This repository contains my end-to-end solution for the Quantium Data Analytics Virtual Experience, focused on the chips (snacks) category. The project simulates a real engagement with a retail client, where the goal is to understand who buys chips, evaluate a new store layout trial, and provide data-driven recommendations for the Category Manager.


1. Business Problem

A large retailer wants to grow sales in the chips category. The Category Manager Julia needs to know:

  • Which customer segments drive chips revenue and volume.
  • How different life stages and affluence levels (Budget, Mainstream, Premium) behave.
  • Whether a new shelf layout trial in three stores actually increased sales, beyond normal seasonal trends.

My role in this case study was to act as a data analyst–consultant hybrid: clean and analyze the data, run an uplift experiment, and translate the findings into clear commercial recommendations for Julia.


2. Data & Tools

Data sources

  • QVI_data.csv – transaction-level chips sales data (store, customer, product, date, revenue, quantity).
  • Derived features from product descriptions: brand, pack size.

Tools & libraries

  • Python: pandas, numpy, matplotlib for data prep, analysis and plotting.
  • PowerPoint / PDF for the final client-facing report.

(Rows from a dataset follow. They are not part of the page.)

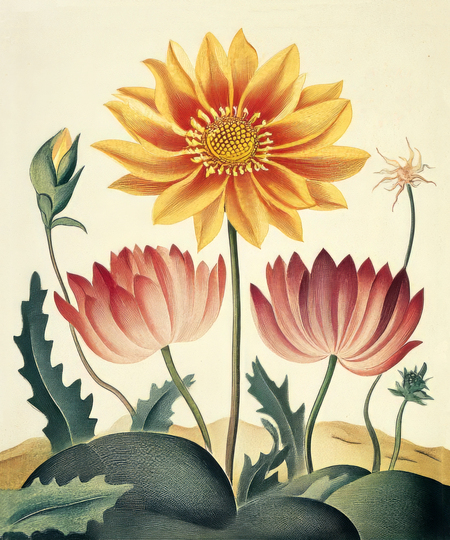 super-puper-vote-img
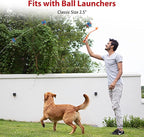 Gigwi Tennis Balls for Dogs, Squeaky Dog Tennis Balls for Exercise, High Bouncy Pet Ball Bright Colors 2.5 Inches, Interactive Funny Dog Toys for All Breeds of Dogs Indoor & Outdoor Dog Games, 3 Pack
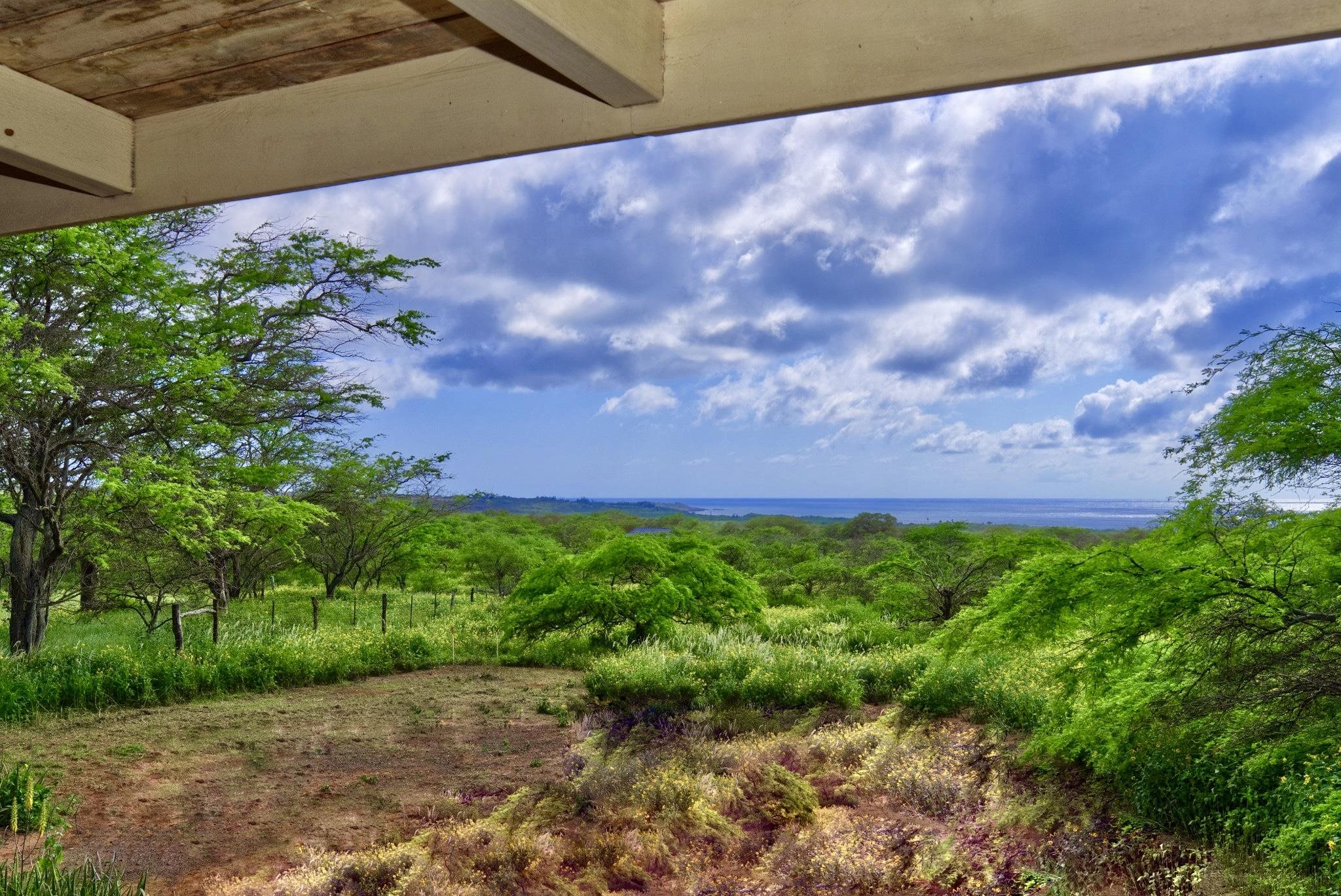 94 Noho Lio Road, Unit 157 Maunaloa, HI 96770 - Photo 2 of 38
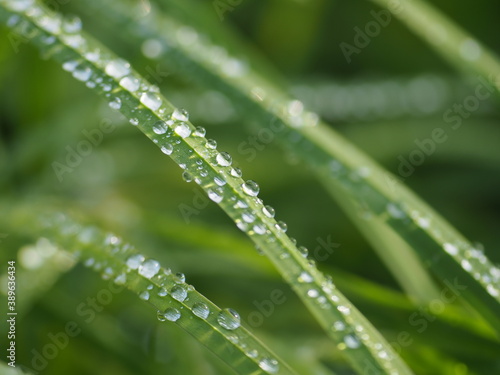 Dew drops on grass stalks. Morning dew. Raindrops on the grass.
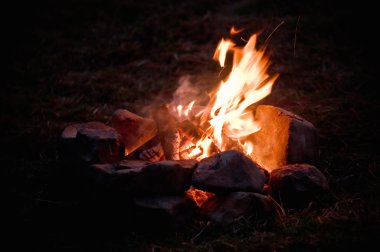 Camping fire clipart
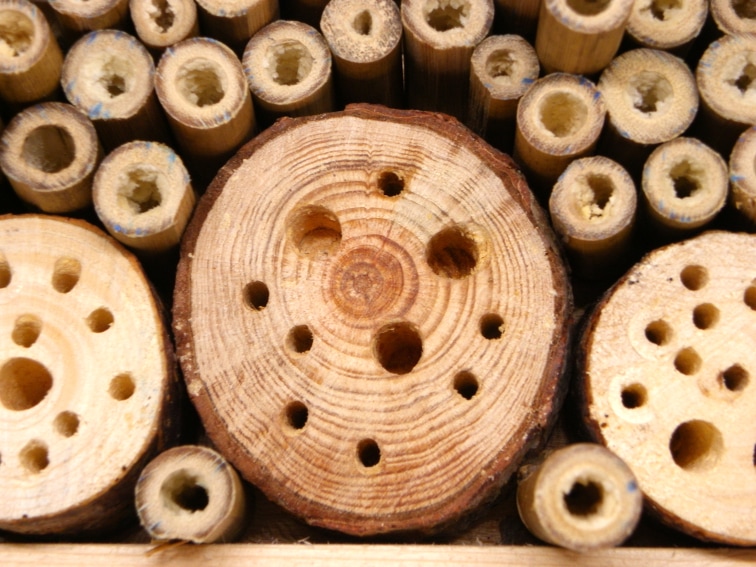 tocones de madera con perforaciones y cañas de bambu para hotel de insectos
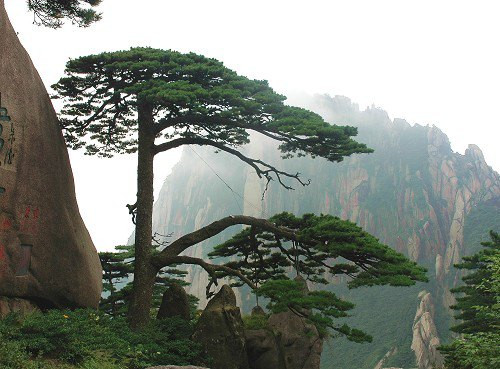 黄山归来不看松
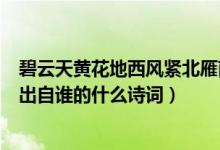 碧云天黄花地西风紧北雁南飞晓来谁染霜林醉（总是离人泪出自谁的什么诗词）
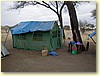 P8310041.JPG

3. Task 1 – Customer Analytics

3.1 Data preparation

Steps:

  • Loaded the merged chips dataset using pandas.read_csv.
  • Performed basic data checks: head, shape, missing values, data types.
  • Parsed dates and verified numeric fields (TOT_SALES, PROD_QTY).
  • Engineered additional fields:
    • PACK_SIZE – extracted numeric grams from product name.
    • BRAND – parsed brand names from product descriptions (e.g., Kettle, Smiths, Pringles).
  • Removed outliers or invalid records where necessary (e.g., negative quantities).

3.2 Segment definitions

Customers are segmented along two dimensions:

  • Life stage: Young Singles/Couples, Young Families, Midage Singles/Couples, Older Families, Older Singles/Couples, Retirees.
  • Affluence: Budget, Mainstream, Premium.

This gives up to 18 customer segments (6 × 3).

3.3 Metrics and analysis

Key aggregated metrics:

  • Total sales (TOT_SALES) by LIFESTAGE × PREMIUM_CUSTOMER.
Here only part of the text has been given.